Auf seinem Rundgang durch die Einrichtung erreicht der Besucher die "Beobachtungsstationen". Diese Stationen in Säulen- oder Kastenform sind ungefähr einen Meter hoch, so dass die meisten Besucher die Station benutzen können. Sie ersetzen oder ergänzen die althergebrachten Informationstafeln, weshalb dieses RFID-System allmählich wachsend eingeführt werden kann. Andere Medien wie Film oder Ton können in diese Beobachtungsstationen integriert werden. Es wäre wünschenswert, die Stationen möglichst barrierefrei zu gestalten (Beispielsweise mit der Nutzung einer höhenverstellbaren Tafel oder der Nutzung von leichter Sprache).6

Der Standpunkt der Station bestimmt hierbei den thematischen Schwerpunkt, so dass bspw. vor dem Tigergehege Informationen zum Lebensraum des Tieres oder seiner Lebensweise präsentiert werden. Im Inneren der Station befindet sich ein RFID-Lesegerät, das über  einen Computer  Teil eines Netzwerks ist. Bringt der Besucher nun seinen Chip in die Nähe des Sensors, erkennt das Lesegerät den Chip und die individuelle Kennung des Chips wird zusammen mit einem Datumsstempel über das Netzwerk auf einem zentralen Server gespeichert. Die Kennung jeder zusätzlich aufgesuchten Beobachtungsstation erweitert die gespeicherte Liste und protokolliert sozusagen den Pfad der Informationssuche. Ein akustisches Signal, wie bspw. der Laut des jeweiligen Tieres, ertönt als Rückmeldung für den Besucher, wenn diese Speicherung erfolgreich erfolgte. Die Rückmeldung kann ebenfalls durch optische Signale erfolgen. Die Wahl der Methode kann individuell abgestimmt werden, sollte aber innerhalb des Geländes einheitlich gestaltet sein.
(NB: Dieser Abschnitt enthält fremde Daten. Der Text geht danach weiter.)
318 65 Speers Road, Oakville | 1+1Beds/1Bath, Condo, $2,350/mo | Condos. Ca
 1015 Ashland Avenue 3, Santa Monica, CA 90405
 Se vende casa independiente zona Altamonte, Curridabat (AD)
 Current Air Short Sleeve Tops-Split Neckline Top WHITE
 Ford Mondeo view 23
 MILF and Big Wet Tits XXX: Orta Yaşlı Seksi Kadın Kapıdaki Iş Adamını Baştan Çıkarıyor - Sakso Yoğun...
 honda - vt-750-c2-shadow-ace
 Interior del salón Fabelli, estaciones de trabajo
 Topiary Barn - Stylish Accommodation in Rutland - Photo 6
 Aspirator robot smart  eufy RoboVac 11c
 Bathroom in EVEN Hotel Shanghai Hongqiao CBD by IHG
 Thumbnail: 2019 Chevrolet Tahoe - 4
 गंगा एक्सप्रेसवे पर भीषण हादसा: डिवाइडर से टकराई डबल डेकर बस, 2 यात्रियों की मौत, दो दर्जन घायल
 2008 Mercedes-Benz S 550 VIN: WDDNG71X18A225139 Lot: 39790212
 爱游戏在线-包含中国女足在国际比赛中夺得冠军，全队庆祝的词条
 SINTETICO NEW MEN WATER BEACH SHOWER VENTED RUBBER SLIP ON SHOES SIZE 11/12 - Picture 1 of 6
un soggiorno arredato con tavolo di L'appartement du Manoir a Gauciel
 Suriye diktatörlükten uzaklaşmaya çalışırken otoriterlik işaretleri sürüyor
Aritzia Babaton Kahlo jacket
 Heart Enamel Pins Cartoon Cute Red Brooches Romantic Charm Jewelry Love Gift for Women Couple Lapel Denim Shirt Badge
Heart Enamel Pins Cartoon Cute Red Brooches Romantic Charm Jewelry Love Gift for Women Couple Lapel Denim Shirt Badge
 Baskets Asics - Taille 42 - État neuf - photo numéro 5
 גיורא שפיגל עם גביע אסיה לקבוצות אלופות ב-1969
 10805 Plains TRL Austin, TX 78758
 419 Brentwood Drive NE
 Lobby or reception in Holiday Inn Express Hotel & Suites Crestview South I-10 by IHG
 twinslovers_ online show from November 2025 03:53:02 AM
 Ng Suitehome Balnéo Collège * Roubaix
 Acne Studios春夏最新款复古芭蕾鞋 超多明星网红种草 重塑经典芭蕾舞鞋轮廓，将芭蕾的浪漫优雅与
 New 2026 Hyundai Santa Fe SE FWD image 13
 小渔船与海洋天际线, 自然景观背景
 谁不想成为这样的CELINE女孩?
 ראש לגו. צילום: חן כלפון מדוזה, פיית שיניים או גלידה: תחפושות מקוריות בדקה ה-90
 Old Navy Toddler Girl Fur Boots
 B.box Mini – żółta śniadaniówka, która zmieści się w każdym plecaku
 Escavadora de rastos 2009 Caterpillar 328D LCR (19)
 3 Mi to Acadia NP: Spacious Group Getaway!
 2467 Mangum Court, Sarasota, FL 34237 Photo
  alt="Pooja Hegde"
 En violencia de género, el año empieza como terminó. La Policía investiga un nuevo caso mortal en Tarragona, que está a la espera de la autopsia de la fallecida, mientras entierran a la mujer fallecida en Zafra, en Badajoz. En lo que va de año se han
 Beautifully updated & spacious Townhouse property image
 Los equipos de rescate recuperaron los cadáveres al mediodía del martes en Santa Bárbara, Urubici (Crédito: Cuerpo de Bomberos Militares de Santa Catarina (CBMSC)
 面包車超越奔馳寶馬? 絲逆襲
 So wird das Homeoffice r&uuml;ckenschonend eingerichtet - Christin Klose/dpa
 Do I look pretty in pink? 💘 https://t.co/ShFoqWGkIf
Ist der Rundgang beendet, kann nach den oben schon beschriebenen konventionellen Verfahren eine Informationssammlung (Papierversion) erstellt werden. Die Nachbereitung des Erlebten kann aber auch mit den modernen Medien erfolgen.  Dazu kann der Code des Chips, welcher sichtbar auf der jeweiligen Karte aufgedruckt ist, auf der Internetseite des Zoologischen Gartens eingegeben werden. Es wird nun eine Zusammenstellung von Informationen bereitgestellt, die auf den jeweiligen Besuch abgestimmt ist. Da dabei auf abgespeicherte Text-Bild-Audio-Bausteine zurückgegriffen wird, kann der Nutzer diese Liste individuell abspeichern und ohne Zeitvorgabe abrufen. Nach einer sinnvoll begrenzten Dauer werden diese Besucherinformationen vom Server des Zoos gelöscht.

 

Ausblick

Die Wissensvermittlung in Zoologischen Gärten ist von Einrichtung zu Einrichtung unterschiedlich. Die Wahl der vermittelten Informationen und Vermittlungsmethoden hängt oft von vielen unterschiedlichen Faktoren ab (wie z.B. personelle und finanzielle Kapazitäten). Der Wunsch nach einer Veränderung oder Verbesserung der Angebote für den Besucher besteht bei vielen Zoos, wie eine Umfrage der Autorin ergab.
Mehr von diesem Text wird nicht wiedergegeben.